Это, конечно, всего лишь частная точка зрения на философию, но она показательна в одном важном отношении — она подтверждает ту нашу мысль, что не только человек в своем естественном состоянии, но и философские методы зачастую не являются оптимальными познавательными инструментами, поскольку решают какие-то иные задачи. Требуется новая методология, целенаправленно обнаруживающая и исправляющая (уточняющая, дополняющая) те неточности, которые естественным образом образуются в процессе любой деятельности человека, в том числе и философской[150].
Цель данного предисловия, таким образом, во многом сходна с целью предыдущей работы Андрея Курпатова «Что такое мышление? Наброски»: будучи по профессии философом, я попытался обнаружить некоторые онтологические, с позволения сказать, предпосылки искажений, возникающих в нашей рациональности, в то время как Курпатов рассматривает их же — но как методолог и ученый.

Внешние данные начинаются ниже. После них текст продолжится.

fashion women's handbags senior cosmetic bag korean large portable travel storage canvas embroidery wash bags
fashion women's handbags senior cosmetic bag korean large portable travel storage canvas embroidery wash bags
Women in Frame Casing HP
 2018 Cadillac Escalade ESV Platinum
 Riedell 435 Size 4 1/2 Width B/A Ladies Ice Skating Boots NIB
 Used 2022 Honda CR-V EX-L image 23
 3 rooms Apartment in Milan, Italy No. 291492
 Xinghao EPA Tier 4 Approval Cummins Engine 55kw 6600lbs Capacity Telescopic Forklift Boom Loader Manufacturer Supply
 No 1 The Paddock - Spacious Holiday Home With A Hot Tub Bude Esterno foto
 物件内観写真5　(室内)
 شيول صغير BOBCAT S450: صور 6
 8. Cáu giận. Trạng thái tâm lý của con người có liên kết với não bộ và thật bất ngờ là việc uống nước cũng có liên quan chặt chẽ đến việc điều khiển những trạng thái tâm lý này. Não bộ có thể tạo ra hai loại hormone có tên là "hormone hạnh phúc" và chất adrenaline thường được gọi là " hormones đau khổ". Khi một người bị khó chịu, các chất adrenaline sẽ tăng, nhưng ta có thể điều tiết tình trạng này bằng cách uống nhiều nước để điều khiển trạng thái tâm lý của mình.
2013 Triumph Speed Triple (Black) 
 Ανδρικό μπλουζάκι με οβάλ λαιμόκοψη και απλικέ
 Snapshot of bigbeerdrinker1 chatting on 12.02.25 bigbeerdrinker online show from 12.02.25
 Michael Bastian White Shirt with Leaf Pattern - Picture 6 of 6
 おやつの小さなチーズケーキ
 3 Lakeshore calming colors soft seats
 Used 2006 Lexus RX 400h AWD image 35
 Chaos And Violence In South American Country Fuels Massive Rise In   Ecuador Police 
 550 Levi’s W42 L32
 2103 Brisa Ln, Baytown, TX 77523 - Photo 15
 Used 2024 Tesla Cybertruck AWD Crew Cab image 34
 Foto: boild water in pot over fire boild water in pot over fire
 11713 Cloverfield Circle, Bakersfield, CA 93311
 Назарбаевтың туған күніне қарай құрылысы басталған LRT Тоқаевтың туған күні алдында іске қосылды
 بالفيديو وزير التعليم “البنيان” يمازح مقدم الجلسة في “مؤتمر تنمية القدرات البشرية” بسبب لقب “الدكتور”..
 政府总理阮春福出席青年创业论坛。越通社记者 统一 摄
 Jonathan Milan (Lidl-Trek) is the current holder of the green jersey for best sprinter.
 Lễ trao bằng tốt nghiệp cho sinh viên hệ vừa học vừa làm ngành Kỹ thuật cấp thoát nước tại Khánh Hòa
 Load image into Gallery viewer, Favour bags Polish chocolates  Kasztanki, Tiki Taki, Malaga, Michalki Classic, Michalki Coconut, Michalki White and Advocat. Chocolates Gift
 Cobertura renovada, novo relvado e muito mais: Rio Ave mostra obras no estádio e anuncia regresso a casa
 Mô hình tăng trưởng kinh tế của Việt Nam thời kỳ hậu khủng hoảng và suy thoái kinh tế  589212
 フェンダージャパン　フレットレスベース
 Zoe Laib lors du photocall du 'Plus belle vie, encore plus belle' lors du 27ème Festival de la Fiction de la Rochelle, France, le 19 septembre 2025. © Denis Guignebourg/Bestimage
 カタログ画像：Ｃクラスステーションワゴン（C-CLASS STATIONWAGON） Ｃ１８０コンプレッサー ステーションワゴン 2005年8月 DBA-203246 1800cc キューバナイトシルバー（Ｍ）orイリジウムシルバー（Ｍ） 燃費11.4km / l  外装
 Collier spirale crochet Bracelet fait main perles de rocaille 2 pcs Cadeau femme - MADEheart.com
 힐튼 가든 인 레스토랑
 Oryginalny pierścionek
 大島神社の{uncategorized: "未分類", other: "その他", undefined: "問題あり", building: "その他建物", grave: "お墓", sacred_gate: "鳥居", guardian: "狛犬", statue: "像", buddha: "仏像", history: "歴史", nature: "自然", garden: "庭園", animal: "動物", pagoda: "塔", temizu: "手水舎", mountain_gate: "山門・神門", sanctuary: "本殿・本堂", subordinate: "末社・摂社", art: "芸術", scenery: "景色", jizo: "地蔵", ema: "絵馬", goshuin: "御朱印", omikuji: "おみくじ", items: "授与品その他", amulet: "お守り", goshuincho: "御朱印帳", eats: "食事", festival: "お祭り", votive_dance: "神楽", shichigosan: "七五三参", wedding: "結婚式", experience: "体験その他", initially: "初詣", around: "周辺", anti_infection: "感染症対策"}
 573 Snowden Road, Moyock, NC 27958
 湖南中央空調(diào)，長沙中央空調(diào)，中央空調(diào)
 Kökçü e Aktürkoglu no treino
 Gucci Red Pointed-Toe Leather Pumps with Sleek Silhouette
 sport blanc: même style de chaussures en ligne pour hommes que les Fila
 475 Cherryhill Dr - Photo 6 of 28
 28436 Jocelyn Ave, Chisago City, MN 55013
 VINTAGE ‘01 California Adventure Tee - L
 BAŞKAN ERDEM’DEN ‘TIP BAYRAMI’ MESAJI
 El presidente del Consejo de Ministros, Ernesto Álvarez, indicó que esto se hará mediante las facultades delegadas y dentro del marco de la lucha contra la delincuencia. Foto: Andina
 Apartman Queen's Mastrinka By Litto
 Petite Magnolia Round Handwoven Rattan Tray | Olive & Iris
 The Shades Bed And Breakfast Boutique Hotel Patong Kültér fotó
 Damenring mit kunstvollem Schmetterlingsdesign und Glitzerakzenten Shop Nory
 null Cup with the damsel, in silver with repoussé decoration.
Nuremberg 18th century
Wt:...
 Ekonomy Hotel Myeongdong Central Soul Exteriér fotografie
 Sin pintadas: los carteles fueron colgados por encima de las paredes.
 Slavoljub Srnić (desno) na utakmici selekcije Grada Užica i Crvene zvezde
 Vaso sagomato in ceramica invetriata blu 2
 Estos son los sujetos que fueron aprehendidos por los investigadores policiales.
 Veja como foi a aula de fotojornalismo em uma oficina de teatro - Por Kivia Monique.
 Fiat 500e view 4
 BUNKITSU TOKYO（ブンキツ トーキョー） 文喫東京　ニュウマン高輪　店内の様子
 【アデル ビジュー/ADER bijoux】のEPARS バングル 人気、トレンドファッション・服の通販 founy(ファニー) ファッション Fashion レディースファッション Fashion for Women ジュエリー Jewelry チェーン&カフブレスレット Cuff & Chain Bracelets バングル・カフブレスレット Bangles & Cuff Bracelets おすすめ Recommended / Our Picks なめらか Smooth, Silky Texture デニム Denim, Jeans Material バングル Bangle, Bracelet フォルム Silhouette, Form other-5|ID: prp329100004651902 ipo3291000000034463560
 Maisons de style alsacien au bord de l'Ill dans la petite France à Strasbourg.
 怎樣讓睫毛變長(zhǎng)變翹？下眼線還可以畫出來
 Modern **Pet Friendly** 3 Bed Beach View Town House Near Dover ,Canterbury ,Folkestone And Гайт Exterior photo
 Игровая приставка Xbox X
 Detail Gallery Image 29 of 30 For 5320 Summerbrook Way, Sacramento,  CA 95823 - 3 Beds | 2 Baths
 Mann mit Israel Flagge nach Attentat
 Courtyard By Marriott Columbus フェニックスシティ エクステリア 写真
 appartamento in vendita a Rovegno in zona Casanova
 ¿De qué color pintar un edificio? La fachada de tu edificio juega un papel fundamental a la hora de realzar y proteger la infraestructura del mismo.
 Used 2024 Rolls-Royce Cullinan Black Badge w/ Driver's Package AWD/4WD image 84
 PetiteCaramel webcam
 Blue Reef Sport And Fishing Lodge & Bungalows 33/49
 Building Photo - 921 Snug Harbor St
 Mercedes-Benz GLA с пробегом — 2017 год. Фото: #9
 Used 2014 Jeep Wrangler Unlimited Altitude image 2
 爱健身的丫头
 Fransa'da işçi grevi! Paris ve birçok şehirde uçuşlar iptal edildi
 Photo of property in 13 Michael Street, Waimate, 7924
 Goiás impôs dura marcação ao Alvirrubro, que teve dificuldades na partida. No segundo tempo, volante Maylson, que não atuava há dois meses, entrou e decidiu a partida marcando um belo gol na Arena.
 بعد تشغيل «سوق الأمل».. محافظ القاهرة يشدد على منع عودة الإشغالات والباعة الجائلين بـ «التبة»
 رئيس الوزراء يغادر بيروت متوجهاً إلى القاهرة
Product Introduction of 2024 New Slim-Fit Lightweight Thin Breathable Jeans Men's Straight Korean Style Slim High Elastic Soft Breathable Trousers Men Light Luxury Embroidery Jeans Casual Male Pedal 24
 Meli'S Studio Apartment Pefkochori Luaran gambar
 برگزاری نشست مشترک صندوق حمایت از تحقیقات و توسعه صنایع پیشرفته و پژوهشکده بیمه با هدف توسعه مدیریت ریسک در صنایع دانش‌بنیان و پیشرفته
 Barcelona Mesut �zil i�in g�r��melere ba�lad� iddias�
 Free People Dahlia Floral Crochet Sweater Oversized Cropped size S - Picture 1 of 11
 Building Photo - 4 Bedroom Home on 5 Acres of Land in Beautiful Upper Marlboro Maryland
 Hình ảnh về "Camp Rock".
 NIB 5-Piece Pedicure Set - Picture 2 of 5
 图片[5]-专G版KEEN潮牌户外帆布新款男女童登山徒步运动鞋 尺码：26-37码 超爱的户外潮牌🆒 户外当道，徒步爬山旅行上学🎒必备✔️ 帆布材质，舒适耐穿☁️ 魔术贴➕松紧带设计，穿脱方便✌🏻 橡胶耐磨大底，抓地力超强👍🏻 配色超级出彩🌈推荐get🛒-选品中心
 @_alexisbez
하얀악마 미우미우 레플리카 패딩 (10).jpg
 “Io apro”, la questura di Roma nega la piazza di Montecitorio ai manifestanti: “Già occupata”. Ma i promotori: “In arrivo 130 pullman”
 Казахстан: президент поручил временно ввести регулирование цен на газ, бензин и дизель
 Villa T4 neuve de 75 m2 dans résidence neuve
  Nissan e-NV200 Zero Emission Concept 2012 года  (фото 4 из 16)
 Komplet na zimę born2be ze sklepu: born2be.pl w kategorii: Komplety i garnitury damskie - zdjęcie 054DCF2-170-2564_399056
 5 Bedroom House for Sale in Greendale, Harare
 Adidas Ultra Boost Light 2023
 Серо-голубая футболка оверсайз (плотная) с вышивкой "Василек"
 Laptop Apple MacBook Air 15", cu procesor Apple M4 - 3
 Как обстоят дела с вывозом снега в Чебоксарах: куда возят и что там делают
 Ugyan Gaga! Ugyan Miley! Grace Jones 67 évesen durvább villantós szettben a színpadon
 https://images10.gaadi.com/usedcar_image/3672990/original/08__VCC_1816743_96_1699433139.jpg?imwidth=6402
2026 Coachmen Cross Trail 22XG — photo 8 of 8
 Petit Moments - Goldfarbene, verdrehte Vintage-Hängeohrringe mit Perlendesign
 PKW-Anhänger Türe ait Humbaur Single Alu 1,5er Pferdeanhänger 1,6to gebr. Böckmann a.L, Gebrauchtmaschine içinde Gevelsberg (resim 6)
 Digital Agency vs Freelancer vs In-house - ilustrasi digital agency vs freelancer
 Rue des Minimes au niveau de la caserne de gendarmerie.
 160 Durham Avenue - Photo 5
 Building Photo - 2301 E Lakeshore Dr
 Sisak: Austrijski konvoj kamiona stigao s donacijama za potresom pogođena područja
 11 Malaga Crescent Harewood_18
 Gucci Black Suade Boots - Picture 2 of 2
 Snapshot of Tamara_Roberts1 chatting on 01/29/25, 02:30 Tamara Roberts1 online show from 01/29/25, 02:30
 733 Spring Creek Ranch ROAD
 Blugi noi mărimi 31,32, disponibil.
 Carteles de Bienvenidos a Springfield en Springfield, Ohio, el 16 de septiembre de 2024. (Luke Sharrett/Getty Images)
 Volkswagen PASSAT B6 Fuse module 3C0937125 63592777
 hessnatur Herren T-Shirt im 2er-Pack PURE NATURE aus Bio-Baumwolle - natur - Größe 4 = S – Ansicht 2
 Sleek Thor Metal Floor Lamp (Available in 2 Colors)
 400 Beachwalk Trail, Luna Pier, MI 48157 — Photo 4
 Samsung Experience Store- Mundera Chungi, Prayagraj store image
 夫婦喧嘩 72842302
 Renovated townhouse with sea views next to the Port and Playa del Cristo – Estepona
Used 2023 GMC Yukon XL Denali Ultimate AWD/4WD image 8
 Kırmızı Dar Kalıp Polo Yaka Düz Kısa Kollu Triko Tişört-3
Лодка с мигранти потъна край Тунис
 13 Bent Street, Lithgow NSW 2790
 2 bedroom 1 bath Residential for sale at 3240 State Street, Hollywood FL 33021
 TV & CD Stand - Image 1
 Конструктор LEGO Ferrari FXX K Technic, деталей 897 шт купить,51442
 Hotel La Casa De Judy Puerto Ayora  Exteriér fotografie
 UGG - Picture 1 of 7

Если мы вернемся к мысли Шопенгауэра о «худшем из возможных миров», то методологию А. Курпатова, предлагаемую им в «Пространстве мышления», можно было бы сформулировать совсем просто: наш мозг, собираясь и усложняясь в процессе эволюции, так сказать, по самому своему построению[151], часто ошибается, не замечая или «намеренно» скрывая собственные ошибки, поскольку исторически скорость была предпочтительнее точности. Но из этого не следует, что точность недостижима. «Поэтому, — как бы уговаривает нас автор, — давайте воспользуемся относительно недавней роскошью высвободившегося досуга и не будем никуда торопиться. Поверьте, — обращается он к нам, — в этом есть смысл. Множество удивительных вещей нам может открыться, если только мы не будем спешить…» Я как человек, с наслаждением прочитавший этот блестящий текст, с полным основанием утверждаю: смысл действительно есть! Бездна смысла. Но решать каждому в любом случае придется самому.